* **Task item**:
The exercise calls for a faithful copy of all the data.

* **Caption-style text data**:
##############################
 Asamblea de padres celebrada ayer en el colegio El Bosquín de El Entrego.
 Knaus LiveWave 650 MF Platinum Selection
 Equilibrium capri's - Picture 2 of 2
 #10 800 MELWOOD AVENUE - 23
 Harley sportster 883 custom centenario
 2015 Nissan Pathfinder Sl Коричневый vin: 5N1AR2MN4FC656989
##############################
* **Response to the task**:
 Asamblea de padres celebrada ayer en el colegio El Bosquín de El Entrego.
 Knaus LiveWave 650 MF Platinum Selection
 Equilibrium capri's - Picture 2 of 2
 #10 800 MELWOOD AVENUE - 23
 Harley sportster 883 custom centenario
 2015 Nissan Pathfinder Sl Коричневый vin: 5N1AR2MN4FC656989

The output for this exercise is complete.